Vectora uses Cohere for embeddings (embed-multilingual-v3.0) and reranking (rerank-multilingual-v3.0). It offers a generous free tier with first-class LangChain integration.
Get your key: https://dashboard.cohere.com/api-keys
Vectora uses Tavily for real-time web search and URL content extraction. It offers a generous free tier optimized for AI agents.
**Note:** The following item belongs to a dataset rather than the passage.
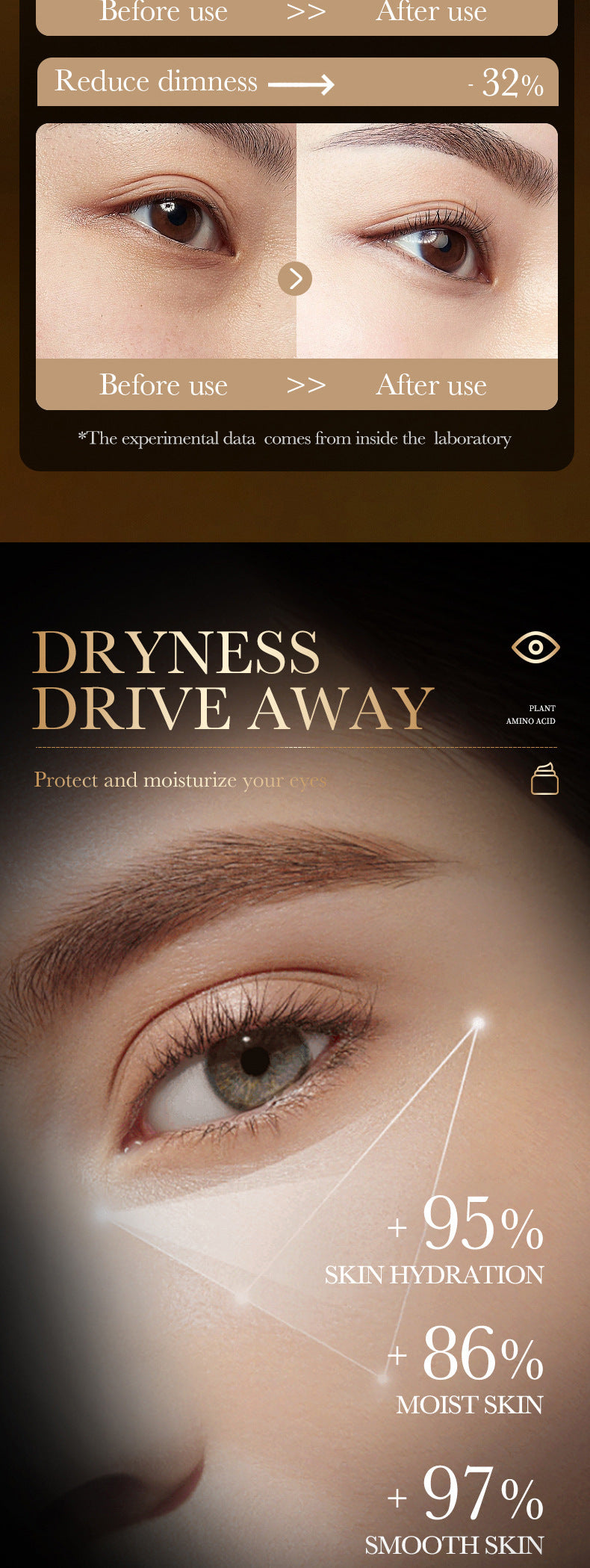 Snake Venom Peptide Eye Cream SADOER Hydrating and Moisturizing Improves Dark Circles, Eye Bags, and Eye Wrinkles  Wholesale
Get your key: https://app.tavily.com/
| Provider | Free Tier | Get Key |
|---|---|---|
| Google Gemini ✅ Recommended | Yes | aistudio.google.com |
| Cohere | Yes | dashboard.cohere.com |
| Ollama (local) | No cost | ollama.ai |
| OpenAI | Paid | platform.openai.com |
| Anthropic | Paid | console.anthropic.com |
Install Vectora globally with uv:
uv tool install vectora-agent
On first run, the setup wizard will ask for your API keys and write them to ~/.vectora/.env.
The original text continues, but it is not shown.